1. Da vértigo pensar el pensamiento de José Vasconcelos.

A ver. En principio está el mundo y el mundo está dividido en cuatro pueblos: el blanco, el negro, el indígena y el mongol. A veces domina uno y a veces –durante un parpadeo que puede durar siglos o milenios– rige otro. Ahora reina el blanco. O para ser precisos: el anglosajón. No hay de qué preocuparse: ya será desplazado. Esta vez –la última de las veces– no por otro de los cuatro pueblos elementales sino por una nueva cultura, una quinta raza –“una raza universal, fruto de las anteriores y superación de todo lo pasado”. La raza cósmica.

Esa raza no brotará y proliferará donde descansa el blanco dominante: Estados Unidos. No: surgirá en América Latina, donde sobrevive, de pronto malamente, el blanco latino. Los estadounidenses pudieron habernos derrotado militar, económica y moralmente. Los latinoamericanos pudimos haber cometido la flaqueza de fracturarnos en decenas de estúpidas naciones y de reñir estúpidamente con España. Pero es un hecho que la cópula, el mestizaje, terminará por salvarnos. Al revés de los sajones, melindrosos y puritanos, los latinos se han liado en nuestro suelo con los indígenas, los esclavos africanos y los inmigrantes orientales, así como los indígenas –para hacer el cuento largo– con los africanos, los orientales y los latinos, y los africanos con los orientales, los latinos y los indígenas, y los orientales con los latinos, los indígenas y los africanos. Si no es aquí, ¿entonces dónde “hallará término la dispersión, se consumará la unidad por el triunfo del amor fecundo, y la superación de todas las estirpes”?

Es cosa de tiempo para que se reconozca la superioridad de las razas mestizas sobre las puras así como (en uno de esos saltos propios del genio de Vasconcelos) la del clima caluroso sobre el frío. Cuando eso ocurra, la “Humanidad entera” se mudará al trópico, entre Brasil y Argentina, cerca del Amazonas.
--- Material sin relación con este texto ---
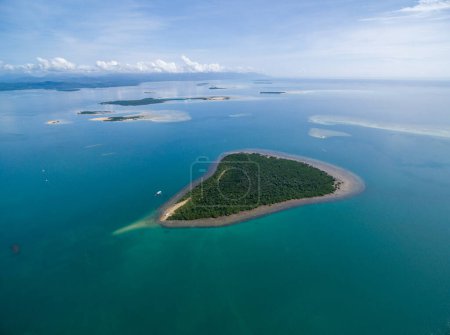 Téléchargez les photos : Honda Bay and Canon Island in Puerto Princesa, Palawan, Philippines. Beautiful Landscape with Low Tide Sulu Sea and Boats - en image libre de droit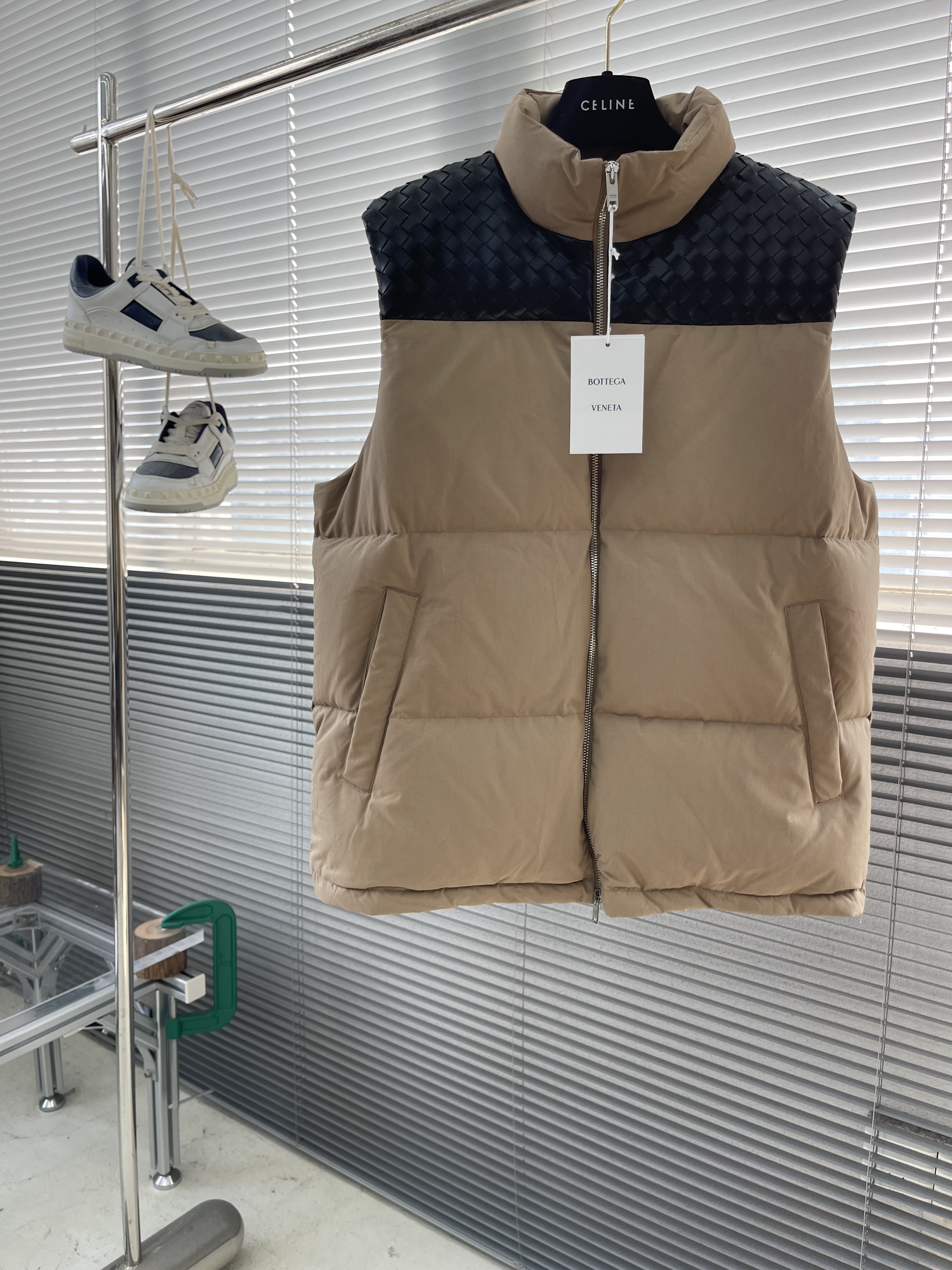 보테가베네타 Bottega Veneta 다운 베스트 조끼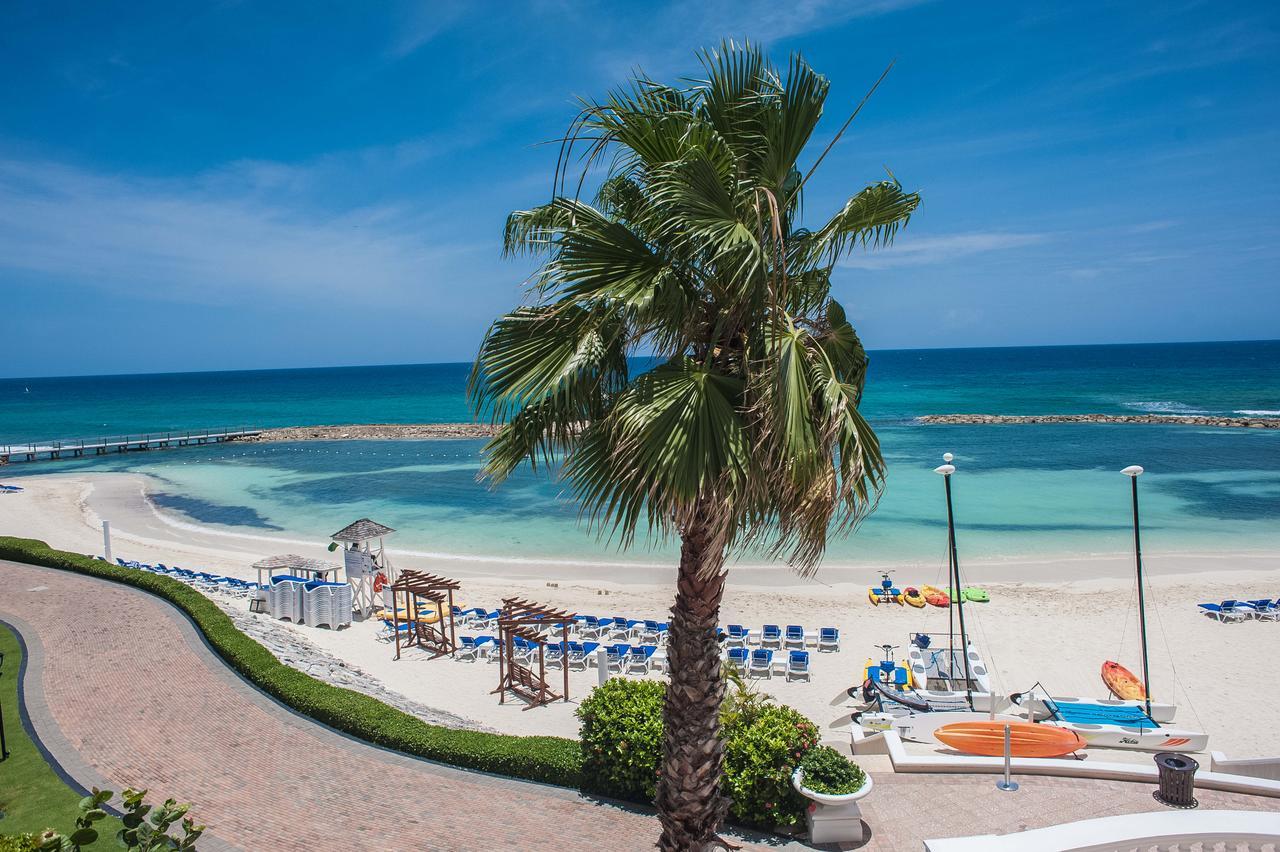 Palmyra Luxury Beach Condos Бухта Монтего Экстерьер фото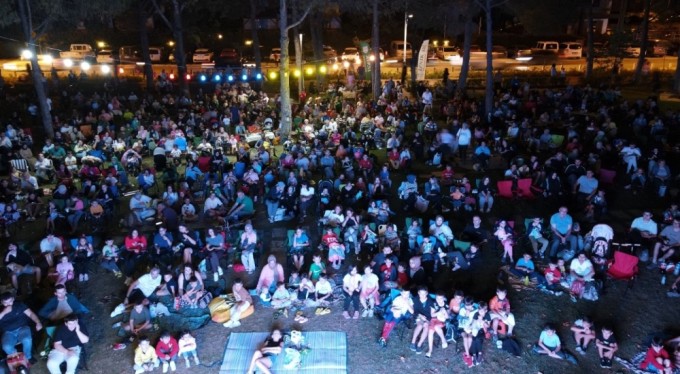 İznik'te yazlık sinema sezon finali yaptı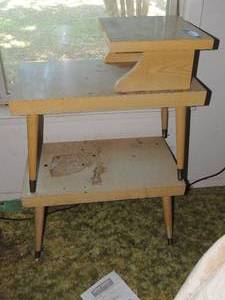 lot 14 image: MID- MODERN SIDE TABLES - BLONDE  qty 2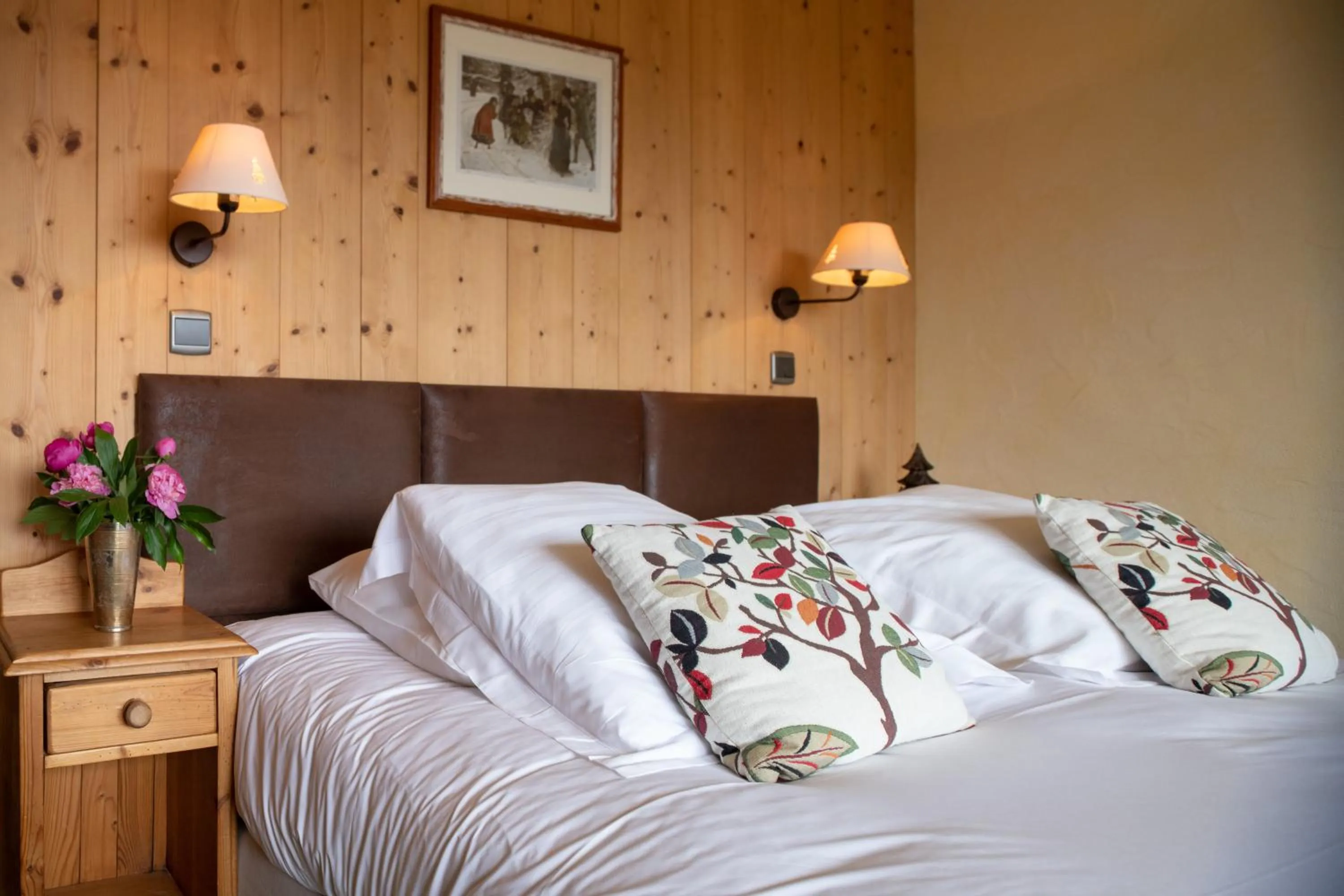 Bedroom, Bed in Le Chamois d'Or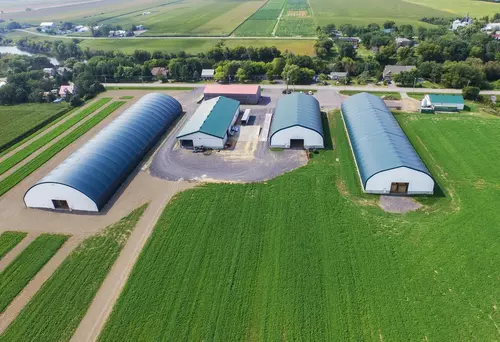 Dust proof enclosures support Frances strong agricultural sector - Dust-Proof Industrial Enclosures Built for France’s Agricultural Powerhouse - E-Abel - E-Abel - Knowledge Hub - E-Abel - E-Abel Les enceintes étanches à la poussière soutiennent le secteur agricole français, qui est un secteur robuste.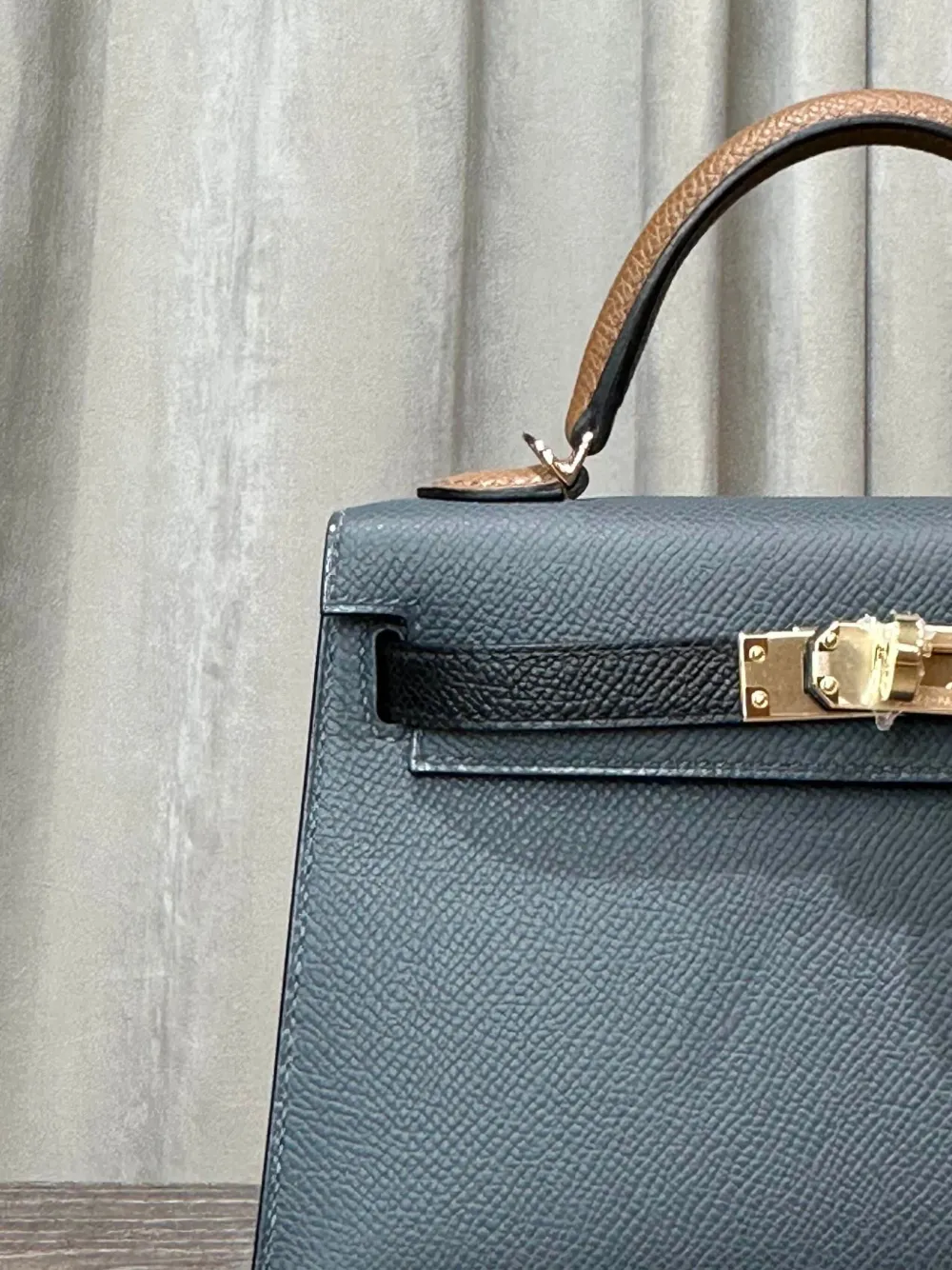 Pre-owned Hermes 2024 Mini Kelly Sellier 20 Tricolore Tote Bag In Gray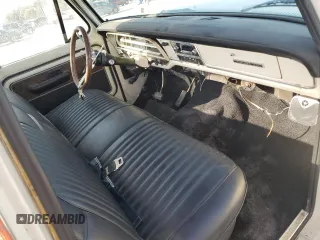 1971 Ford F-250 z VIN F25YRL61251, wystawiony jako Copart lot #49845945 z przebiegiem 28 252 mil mil oraz Szkoda całkowita • Salvage title. Historia ofert i sprzedaży dostępna na DreamBid. Obrazek 8.
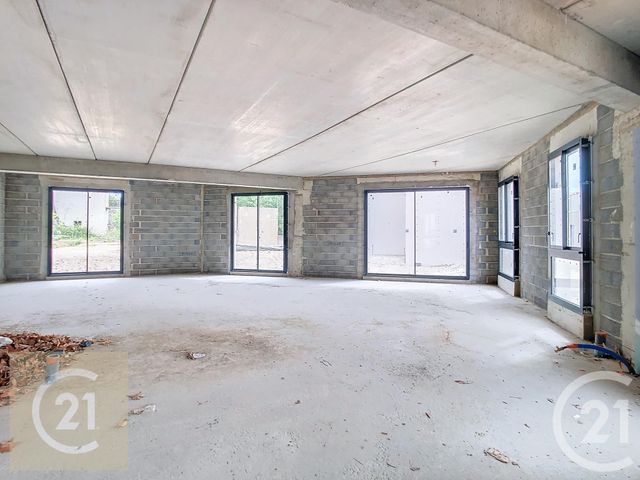 Afficher la photo en grand commerce à vendre - 137.0 m2 - CAPESTANG - 34 - LANGUEDOC-ROUSSILLON - Century 21 Comminges Immobilier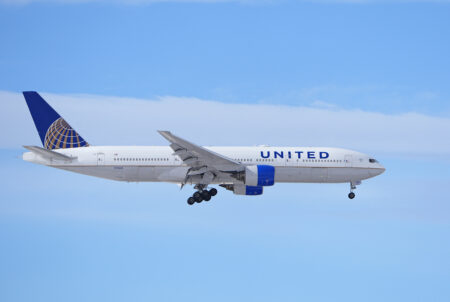 United Airlines CEO says the airline will consider alternatives to Boeing’s next airplane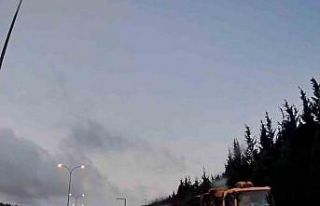 Tır makasladı, TEM otoyolu kilitlendi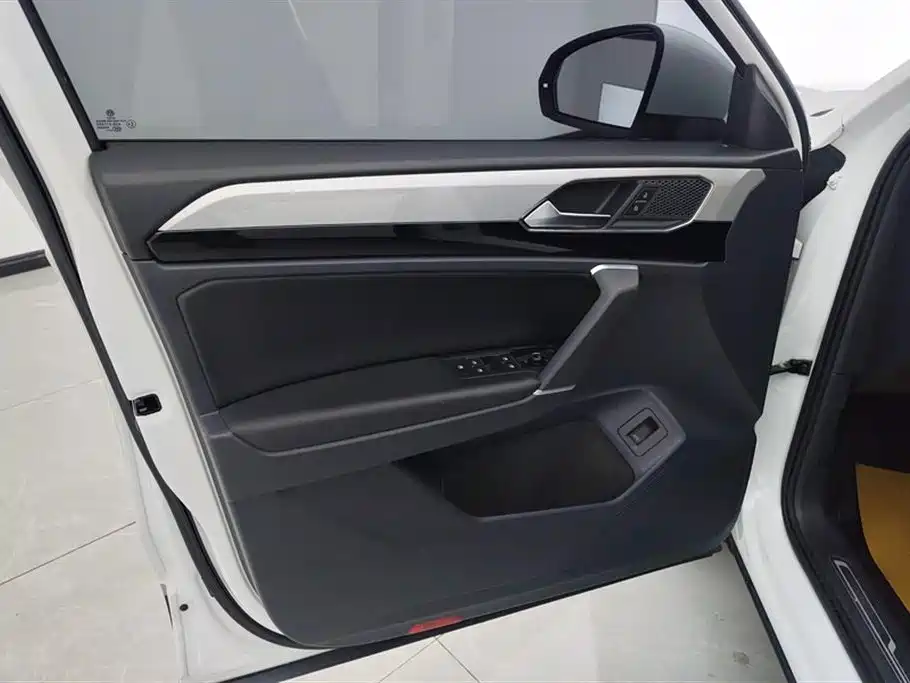 Volkswagen Tayron 2022 330TSI 2WD Luxury Smart Connect Edition фото 7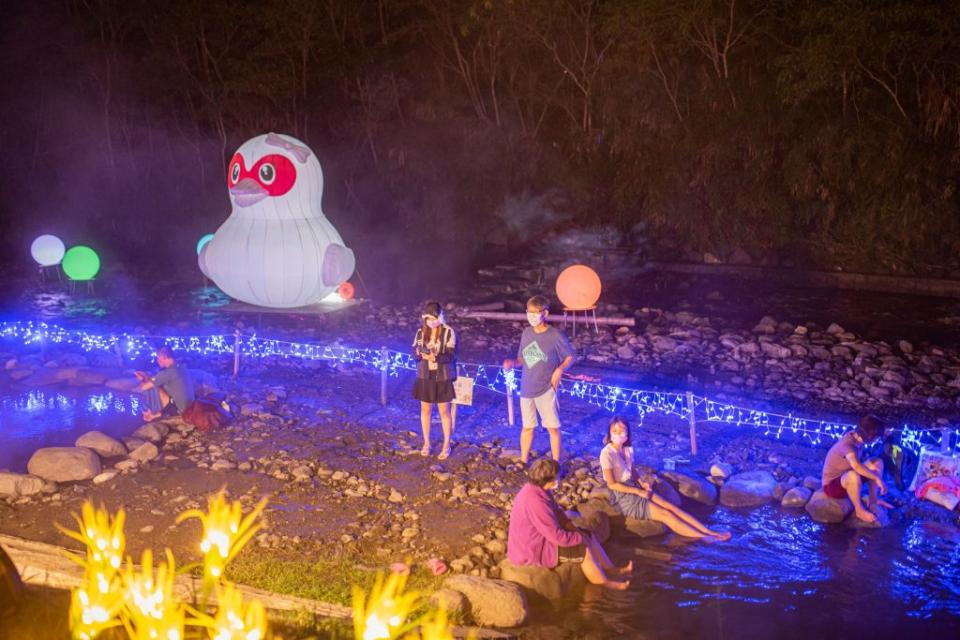 花蓮太平洋溫泉季登場，民眾在安通野溪溫泉光影展區泡腳、賞景。（花蓮縣政府提供）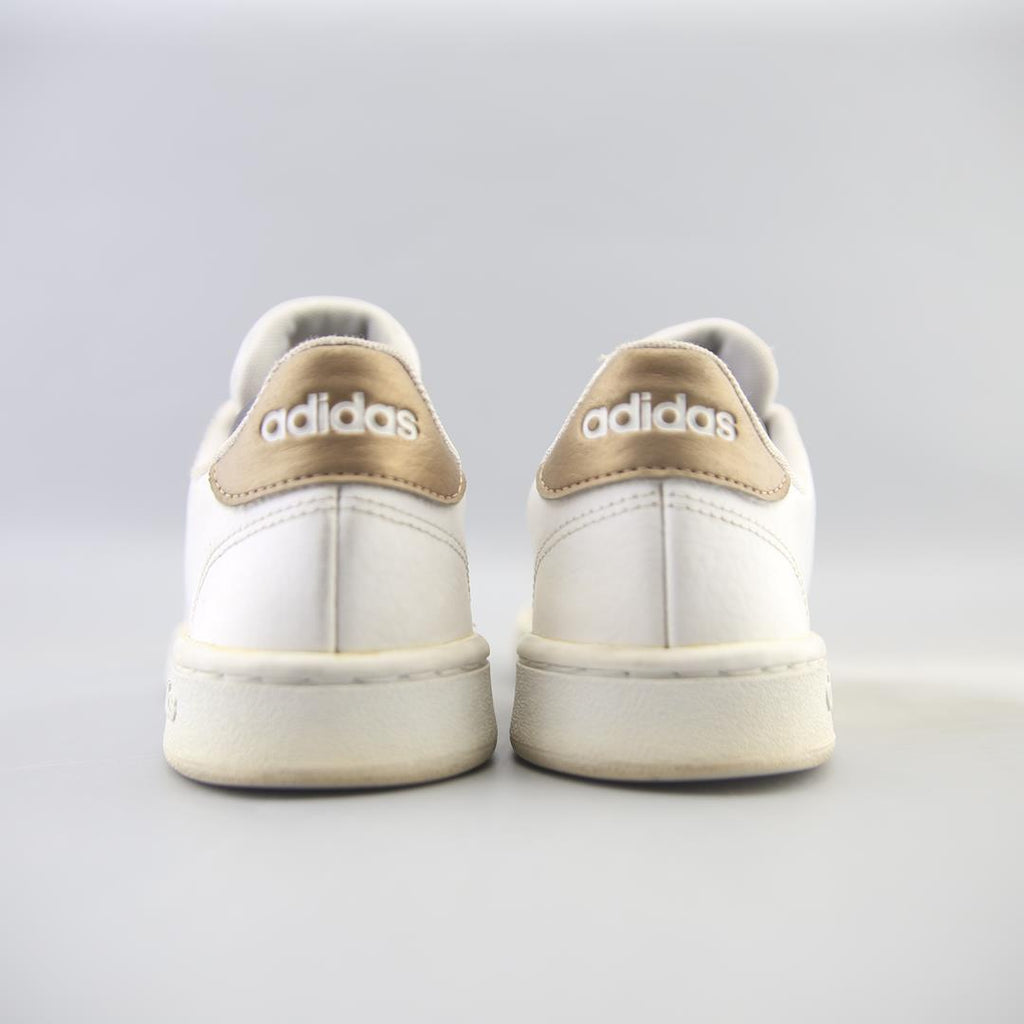 ADIDAS ADVANTAGE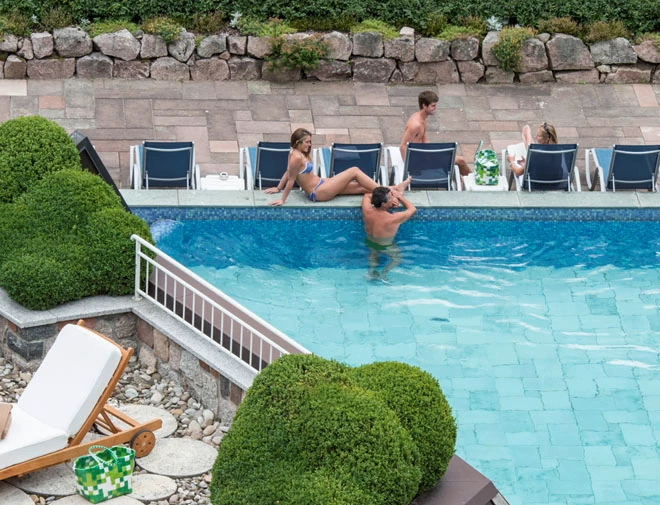 Vier Jahreszeiten am Schluchsee Pool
Allí se fundará la nueva capital del mundo, Universópolis, “y de allí saldrán las predicaciones, las escuadras y los aviones de propaganda de buenas nuevas”. Allí “la arquitectura abandonará la ojiva, la bóveda y, en general, la techumbre [y] se desarrollará otra vez la pirámide”. Allí “la pobreza, la educación defectuosa, la escasez de tipos bellos, […] desaparecerán” y “las estirpes más feas irán cediendo el paso a las más hermosas”.

Eso para empezar. Después, a la mudanza y el mestizaje seguirá la depuración del espíritu. Hasta ahora el hombre ha titubeado entre dos “estados sociales”: el material y el intelectual –o la violencia o la razón; o la guerra o la política; o la fuerza o la moral. Ya ascenderá y trepará hasta el tercer y último escaño: el periodo espiritual o estético, en el que paseará ajeno al imperio de la necesidad, absorbido por el deseo de belleza. “Hacer nuestro antojo, no nuestro deber; seguir el sendero del gusto, no el del apetito ni el del silogismo; vivir el júbilo fundado en amor, esa es la tercer etapa.”

 

2. Lo primero, lo más obvio, es el racismo de Vasconcelos. En 1924, mientras retoca el manuscrito de La raza cósmica, es casi seguro que él piensa lo contrario: que es tolerante, ecuménico, y que su libro es un ejemplo de liberalismo porque opone a las teorías de la raza pura, entonces en boga, un elogio del mestizaje. En 1948, convenientemente olvidado su siniestro coqueteo con el nazismo, continúa creyendo, como señala en el sobrado prólogo que añade a la obra, que su teoría de la raza cósmica es el revés de las ideologías racistas. Ahora es bastante fácil advertir, sin embargo, que su fantasía racial no estaba libre de discriminación e intransigencia. Es ya obvio lo que entonces podía ser más o menos confuso: que el contrario de la teoría sobre la superioridad de la raza pura no es la teoría sobre la superioridad de la raza mestiza sino, simple y llanamente, el multiculturalismo. En vez de imaginar la dilución de todas las razas en una, basta con suscribirse al más plano sentido común: aceptar que todos los individuos –“puros” o “mestizos”– son semejantes y que es bueno que coexistan. En lugar de refutar la belleza del ario para celebrar la del mestizo, es suficiente con relativizar los criterios estéticos. De otro modo se acaba firmando, incluso con buena voluntad, frases como esta de La raza cósmica: “Uniones fundadas en la capacidad y la belleza de los tipos tendrían que producir un gran número de individuos dotados con las cualidades dominantes.”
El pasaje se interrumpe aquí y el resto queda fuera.